Monday Night Dinner: Kibbeh and Mujadarah
|kibbeh with tahini|
Mujadarah was a new dish for me, and as a big fan of lentils, I knew I would enjoy it. Quite simply, the dish is rice and lentils garnished with fried onions. Because most recipes I found online said that the dish could be eaten hot or cold, I asked Vanessa and Mohammed how it was served most often, and they responded that the dish is actually more often served room temperature or cool. On Monday night, I served it for dinner hot off the stovetop. I thought it tasted great that way, but I also enjoyed the leftovers I took to work for Tuesday’s lunch. I had the cold mujadarah with yogurt, and I enjoyed it just as much as the hot dish from the previous night. Without a doubt, the fried onions are the star of the show here.

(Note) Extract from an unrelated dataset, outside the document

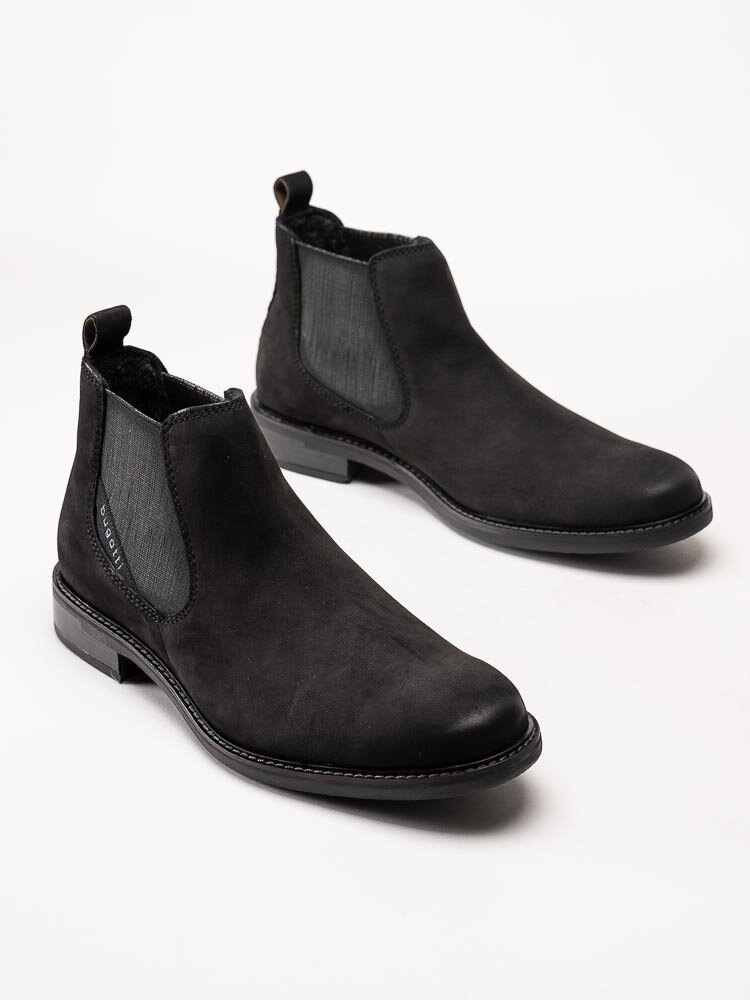 Bugatti - Dano - Svarta chelsea boots i nubuck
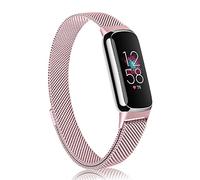 Niboow Bracelet Compatible avec Fitbit Luxe, Femmes Hommes Métal Acier Inoxydable Mesh Tissé Magnétique Sangle Bracelet Compatible avec Fitbit Luxe - Rose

Friday Night Dinner: Fattoush and Kousa Mahshi Bi Laban
|kousa mahshi bi laban|
When Vanessa and Mohammed recommended Kousa Mahshi bi Laban (stuffed squash in yogurt sauce), I knew we had to try it. The dish actually originated in Syria, but it is commonly found in Lebanon, Egypt, Palestine, Jordan, and Libya. The squash used in this dish (or marrows as they call them in the Middle East) is not readily available here in the United States, but after reading about it, I determined that our green zucchini squash would be the closest in size, texture, and flavor. To make the dish, I hollowed out zucchini squash and filled them with a mixture of raw lamb, uncooked rice, onion, garlic, pine nuts, cinnamon, and allspice. Then, I stewed them in a tomato broth for over an hour. (I admit that I was nervous about the raw rice cooking through, but it cooked perfectly.) While the stuffed zucchinis stewed, I made a yogurt sauce seasoned with mint and garlic. To serve the dish, I covered the bottom of a plate with the yogurt sauce and lay the stuffed zucchinis on top of it. Unfortunately, my pictures show a dish that looks a little like big stuffed pickles. They do not reflect the incredible flavors imparted by this dish. I took one bite and thought, “Oh my goodness. This is amazing. It’s like moussaka. Why didn’t I think of this earlier?” Not surprisingly, a variation of this dish is made with stuffed eggplants, and in retrospect, I recall having read moussaka recipes that incorporate zucchini squash in the dish with eggplant and sometimes as a substitute for eggplant. To call this dish “deconstructed moussaka” is a bit of a stretch, but it definitely offers an interesting variation on the same theme. I loved it, and I will definitely make it again.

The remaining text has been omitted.